Is there any way to process it already in this form?

wget -m --no-parent -nd https://someurl/somefile.gz -P ~/src/  2>&1 |
grep Saving |
tee ~/src/log.txt 

Thank you in advance!

Answer 1

Sample output from wget :

$ cat wget.out
HTTP request sent, awaiting response... 200 OK
Length: 15391 (15K) [application/octet-stream]
Saving to: '/path/somefile.gz'

     0K .......... .....                                      100% 79,7M=0s

2020-07-06  - 'path/somefile.gz' saved [15391/15391]


Total wall clock time: 0,1s
Downloaded: 1 files, 15K in 0s (79,7 MB/s)

One awk solution to extract the desired path/file:

$ awk -F"'" '                        # define input delimiter as single quote
/Saving to:/   { print $2 }          # if line contains string "Saving to:" then print 2nd input field
' wget.out                           # our input
/path/somefile.gz                    # our output

To save the above to a variable:

$ wget_path=$(awk -F"'" '/Saving to:/ {print $2}' wget.out)
$ echo "${wget_path}"
/path/somefile.gz

---

Following up on OP's edit to the question... piping the output of wget into the awk solution:

wget -m --no-parent -nd https://someurl/somefile.gz -P ~/src/ 2>&1 | awk -F"'" '/Saving to:/ {print $2}' | tee ~/src/log.txt 

Answer 2

Since the question asks for a solution in grep , a single GNU grep command to extract the specified path could be:

grep -Po "^Saving to: .\\K[^']*"

provided the Perl Regular Expressions are implemented in the grep (not all grep s implement those).
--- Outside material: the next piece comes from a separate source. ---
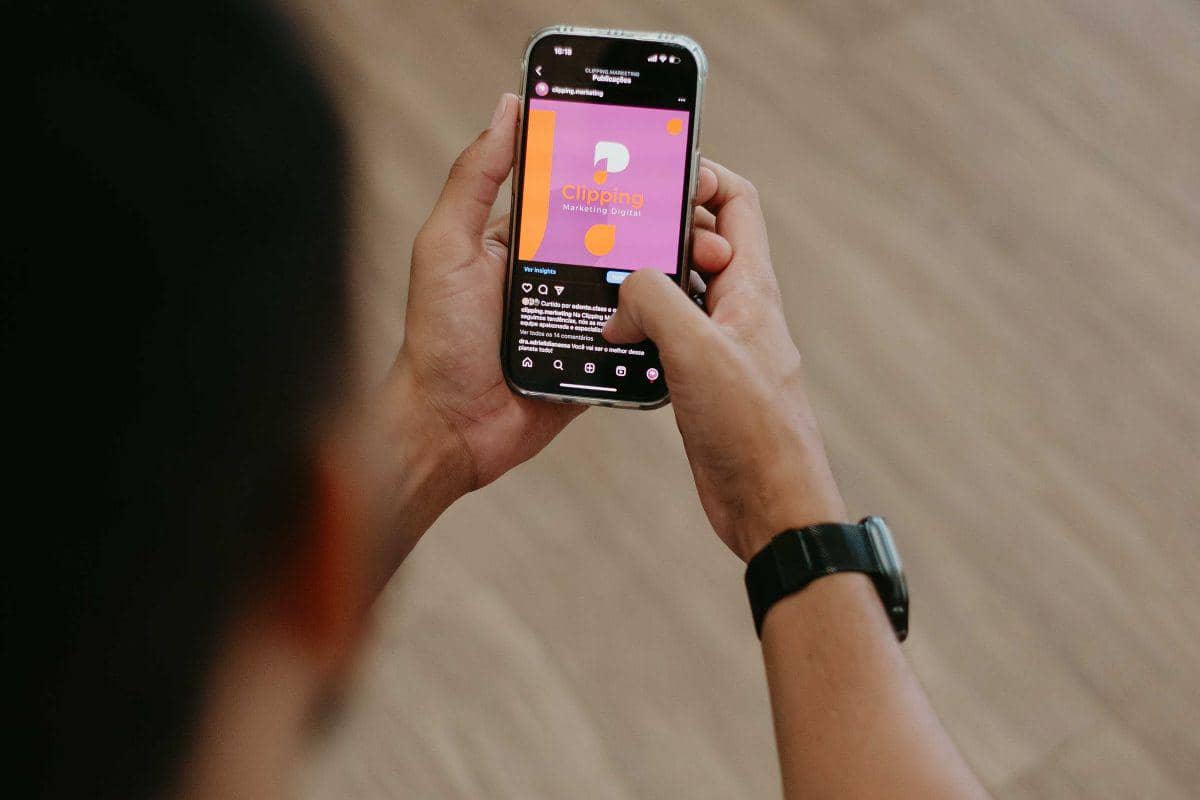 ilustrasi aplikasi Instagram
Of course, it can be used in a pipe also:

wget_command | grep -Po "^Saving to: .\\K[^']*" | tee log.txt

Note that I used a single quote ( ' ) character to anchor the end of path in the pattern match expression, but in the question, Unicode Character Left Single Quotation Mark (U+2018) ( ' ) and Unicode Character Right Single Quotation Mark (U+2019) ( ' ) are used in the sample input. If this is really intended then just replace the [^'] with the [^'] in the pattern match expression above.